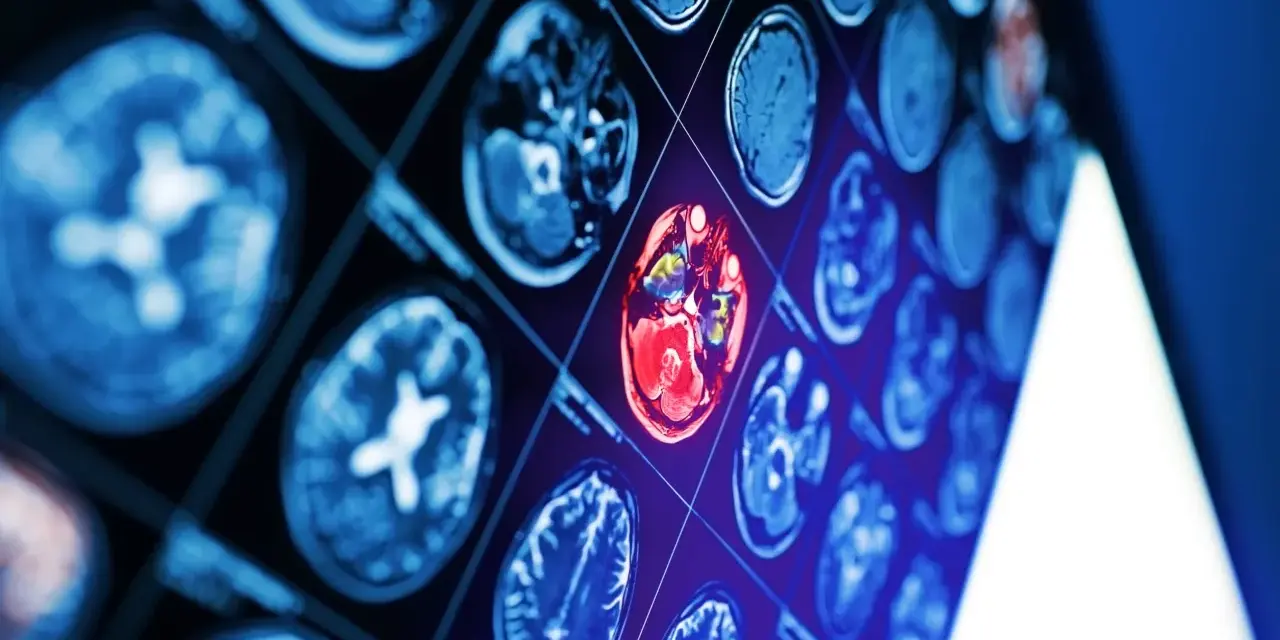 Sekwencja obrazów neurotop z wyróżnionym czerwonym obszarem mózgu, sugerującym nieprawidłowość.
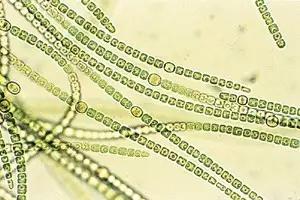 水产养殖藻类老化是怎样的,水产养殖显微镜下各种藻类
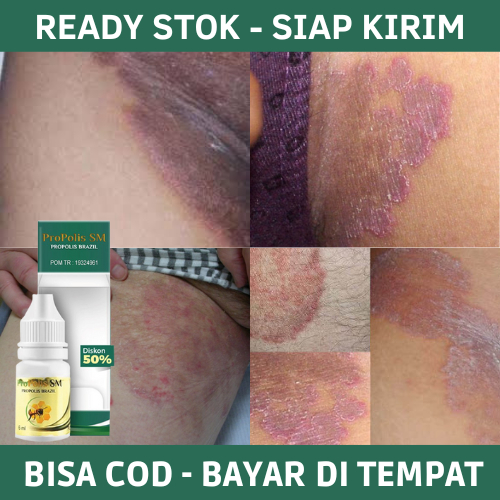Obat Selangkangan Hitam, Obat Gatal Selangkangan, Obat Selangkangan Gatal, Obat Selangkangan Gatal H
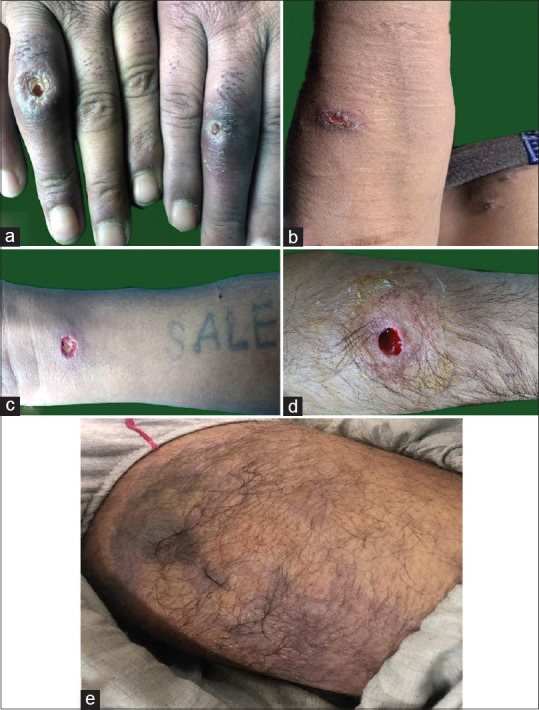 Active skin ulcers and skin and soft tissue infections at the injection site present in patients using injectable heroin (a-e)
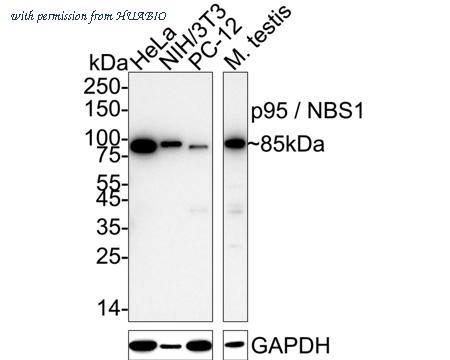 HUABIO ET1610-26 image 1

________

_What you should do_
Only exact copies are wanted here. Write out the lines from the one containing "水产养殖藻类老化是怎样的,水产养殖显微镜下各种藻类" through the end of the material and no others, omitting all pictures.

_Result of the task_
 水产养殖藻类老化是怎样的,水产养殖显微镜下各种藻类
Obat Selangkangan Hitam, Obat Gatal Selangkangan, Obat Selangkangan Gatal, Obat Selangkangan Gatal H
 Active skin ulcers and skin and soft tissue infections at the injection site present in patients using injectable heroin (a-e)
 HUABIO ET1610-26 image 1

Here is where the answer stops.